Entre junio de 1941 y septiembre de 1943, no hubo ni una división estadounidense, británica o canadiense luchando en suelo de Europa continental, ¡ni una! La lucha en el norte de África era sólo algo secundario ya que los anglo-americanos se enfrentaron allí a 2 divisiones alemanas mientras que en el frente soviético había más de 200 divisiones alemanas. La campaña italiana, que comenzó en septiembre de 1943 fue un fiasco que paralizó más divisiones aliadas que divisiones alemanas. Cuando los aliados occidentales por fin llegaron a Francia, el ejército de Hitler ya era sólo la sombra de lo que había sido. El ejército alemán ya no era ni remotamente tan poderoso como cuando cruzó las fronteras soviéticas, en junio de 1941. El desembarco de los aliados en Normandía fue un anticlímax, hecho posible únicamente por el Ejército Rojo y no fue en nada la batalla supuestamente «decisiva» de la Segunda Guerra Mundial que hoy nos describen los medios de difusión occidentales.
En la Unión Soviética, los alemanes saquearon, quemaron, asesinaron sistemáticamente y emprendieron un verdadero genocidio contra el pueblo soviético y contra los eslavos, exactamente en la misma medida que contra los judíos. Se estima que [en la Unión Soviética] 17 millones de civiles murieron a manos de los ejércitos nazis y de sus colaboradores ucranianos y bálticos. Diez millones de soldados del Ejército Rojo dieron sus vidas para liberar la Unión Soviética y el este de Europa y hacer retroceder la bestia nazi hasta su madriguera de Berlín. Gran parte del suelo soviético, desde Stalingrado –en el este– hasta el Cáucaso y Sebastopol –en el sur– así como hasta las fronteras de Rumania, de Polonia y de los países bálticos –en el oeste y el norte– quedó arrasado. Los nazis cometieron masacres contra civiles en Oradour-sur-Glane (Francia) o en Lídice (Checoslovaquia), pero en la Unión Soviética, en Bielorrusia y en Ucrania perpetraron cientos de masacres en lugares cuyos nombres ni siquiera conocemos o que sólo aparecen en archivos soviéticos que nadie se ha molestado en investigar, y mucho menos en publicar. Sin importar cuáles sean los pecados, malos manejos u errores que el gobierno soviético pudo haber cometido entre septiembre de 1939 y junio de 1941, lo cierto es que fueron ampliamente expiados con el colosal sacrificio y la victoria de las armas soviéticas ante la Alemania hitleriana.

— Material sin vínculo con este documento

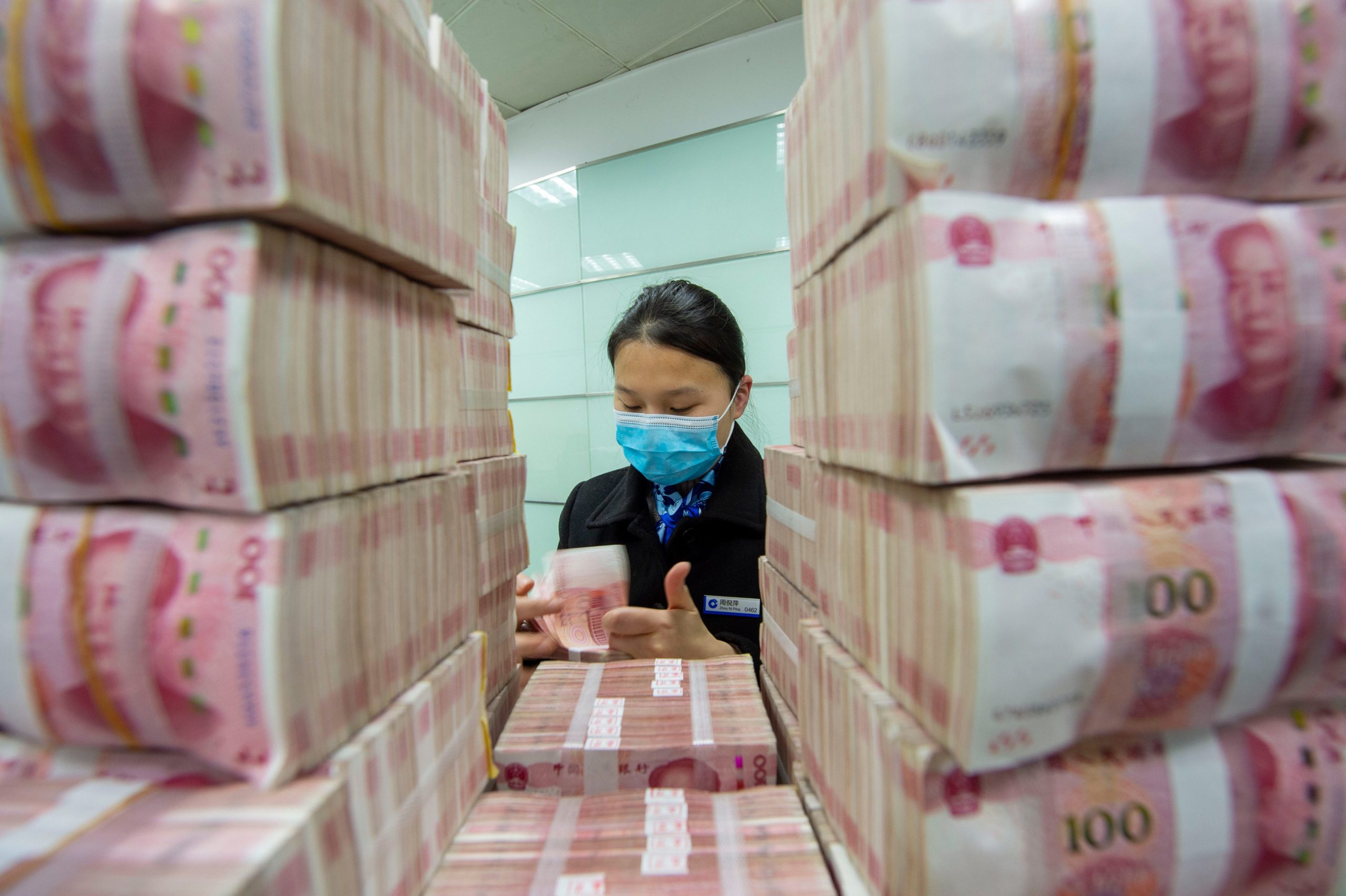 A clerk counts renminbi banknotes at a bank outlet in Haian city in east Chinas Jiangsu province.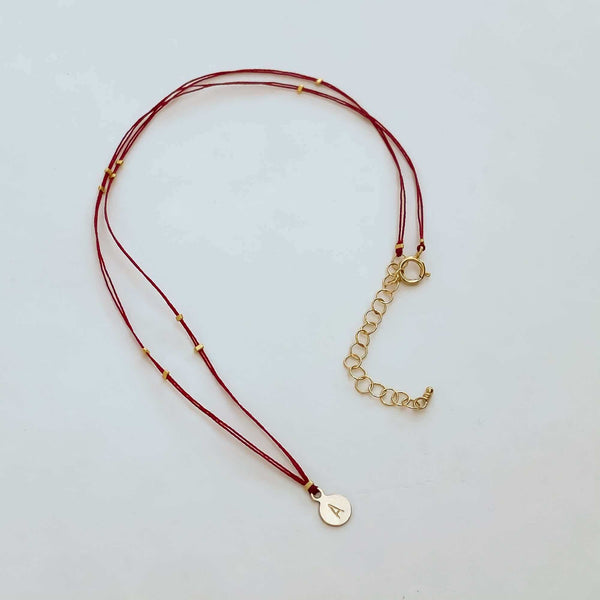 Delicate red thread necklace with gold accents and round pendant.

A la luz de esos hechos, la declaración formulada el 23 de agosto por el primer ministro canadiense Justin Trudeau constituye una propaganda anti-rusa motivada por razones políticas que están lejos de ser útiles a los intereses nacionales de Canadá. Trudeau insultó gratuitamente no sólo al gobierno de la Federación Rusa sino también a todos los rusos cuyos padres y abuelos lucharon en la Gran Guerra Patria. Trudeau quiso deslegitimar la naturaleza liberadora de la guerra que libró la URSS contra el invasor hitleriano y de desacreditar así el esfuerzo el sacrificio de los soviéticos durante la Segunda Guerra Mundial.
La declaración de Trudeau sólo sirve a los intereses de su ministra de Exteriores, de origen ucraniano –la señora Chrystia Freeland–, notoria rusófoba que rinde homenaje a su difunto abuelo, colaborador ucraniano de los nazis en la Polonia ocupada por la Alemania hitleriana. La señora Chrystia Freeland apoya al régimen que se instaló en Kiev como resultado del golpe de Estado violento de Maidan contra el presidente que los ucranianos habían elegido, régimen que contó además con el respaldo de milicias fascistas y con el apoyo extranjero de la Unión Europea y de Estados Unidos. Aunque parezca absurdo, ese régimen celebra los actos cometidos por los cómplices de los nazis durante la Segunda Guerra Mundial, considerados ahora como héroes nacionales.
El primer ministro canadiense necesita desesperadamente que alguien le dé una lección de historia, antes de que vuelva a insultar al pueblo ruso, desacreditando al mismo tiempo los sacrificios de los soldados y de los marinos canadienses que se aliaron a la URSS en la lucha contra el enemigo común.